「サイアーオブサイアー ハクタイユー」 ハクタイユー(偽)系で往く白毛馬挑戦録 第22回
- 2022/11/19
- 16:00
2008年
バレンタインで大量のニンジンを貰ったルーキスオルトゥスは国内での格付けは完了したとして冬から春にかけて海外を転戦。
世界トップクラスのダート馬を名乗っても問題ない成果を残すのだが、ペガサス、サウジ、ドバイのどれか一つは獲りたかったというのが九郎の偽らざる本音だった。
九郎「コメンテーターとカーリンさえいなければ!(ギリィ)」
更に国内ではカネヒキリが復帰。
苦しい戦いが続くも――
チャンピオンズCを日本レコードで同一GⅠ3連覇の快挙。紛れもなく日本ダート馬最強の一頭である。
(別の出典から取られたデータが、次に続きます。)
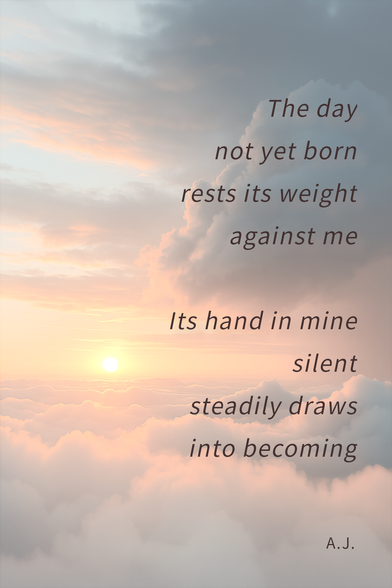 This image shows a serene sunrise scene above the clouds. The sky is softly illuminated in pastel hues of orange, pink, and blue, with the sun partially visible near the horizon. Large, fluffy clouds dominate the foreground and right side, creating a tranquil and dreamy atmosphere.

Overlaid on the image is a German poem, formatted in a gentle, slanted font. The text is arranged in lines that flow diagonally across the image, enhancing the sense of calm and movement. The poem reads:

The day
not yet born
rests its weight
against me

Its hand in mine
silent
steadily draws
into becoming

A.J.

In the bottom right corner, the initials "A. J." are placed,  indicating the author and artist. The overall composition evokes a peaceful, contemplative mood, blending natural beauty with poetic reflection.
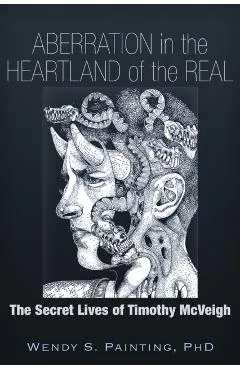 Aberration in the Heartland of the Real: The Secret Lives of Timothy McVeigh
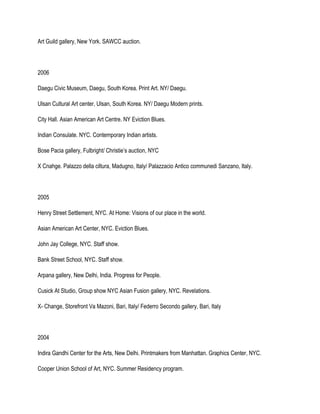 Art Guild gallery, New York. SAWCC auction.
2006
Daegu Civic Museum, Daegu, South Korea. Print Art. NY/ Daegu.
Ulsan Cultural Art center, Ulsan, South Korea. NY/ Daegu Modern prints.
City Hall. Asian American Art Centre. NY Eviction Blues.
Indian Consulate. NYC. Contemporary Indian artists.
Bose Pacia gallery, Fulbright/ Christie’s auction, NYC
X Cnahge. Palazzo della ciltura, Madugno, Italy/ Palazzacio Antico communedi Sanzano, Italy.
2005
Henry Street Settlement, NYC. At Home: Visions of our place in the world.
Asian American Art Center, NYC. Eviction Blues.
John Jay College, NYC. Staff show.
Bank Street School, NYC. Staff show.
Arpana gallery, New Delhi, India. Progress for People.
Cusick At Studio, Group show NYC Asian Fusion gallery, NYC. Revelations.
X- Change, Storefront Va Mazoni, Bari, Italy/ Federro Secondo gallery, Bari, Italy
2004
Indira Gandhi Center for the Arts, New Delhi. Printmakers from Manhattan. Graphics Center, NYC.
Cooper Union School of Art, NYC. Summer Residency program.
九郎「そんなオルトゥスですらサウジ、ドバイ、BCは勝てなかったんだよな……」
綿兜「彼の仔が勝ってくれますよ」
レウコケファラとダイワスカーレットの4回目の対決となった大阪杯。
レウコケファラが控えた結果ダイワスカーレットを楽々と逃がしてしまい6馬身差の大敗。
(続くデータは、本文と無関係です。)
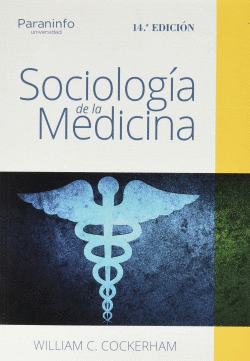 SOCIOLOGA DE LA MEDICINA. 14 EDICIN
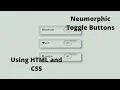 How to create a amazing Neumorphic Group toggle buttons using HTML and CSS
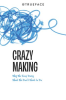 Crazy_Making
騎手の力量差を指摘する声も多く、河島千歳にとっては試練の時となった次走の天皇賞(春)
会心の騎乗でレコード勝利。
レウコケファラも皐月賞と菊花賞の二冠馬に恥じぬ激走。
後から入ったファン「牝4……誤植かな?」
その裏でウオッカがドバイターフ2着からのヴィクトリアマイル、安田記念の連勝。
九郎「ダービー馬をヴィクトリアマイルに出すなんて良識というものはねえのかよ!」
そして宝塚記念。
九郎も含めたファンは三強対決を期待したが、残念ながらダイワスカーレットが管骨瘤で離脱。
結果はレウコケファラが後続を完封して逃げ切り勝利。
牝馬による春天と宝塚の連勝はアルフレーダ以来。
競馬ファン「またドリームジャーニーが挟まれてる……」
そしていよいよ三度目となる三強の激突となった天皇賞(秋)
レウコケファラの春秋制覇がかかったレースだったが……
九郎「この大雨の重馬場で1.57.0を出されたらどうしようもねぇよ……」
ダイワスカーレットはこれで秋華賞、大阪杯、秋天と2000mのレースでは無敗。
ダイワスカーレットが香港のWHCに向かったので結果として三強の戦いはこれが最後となった。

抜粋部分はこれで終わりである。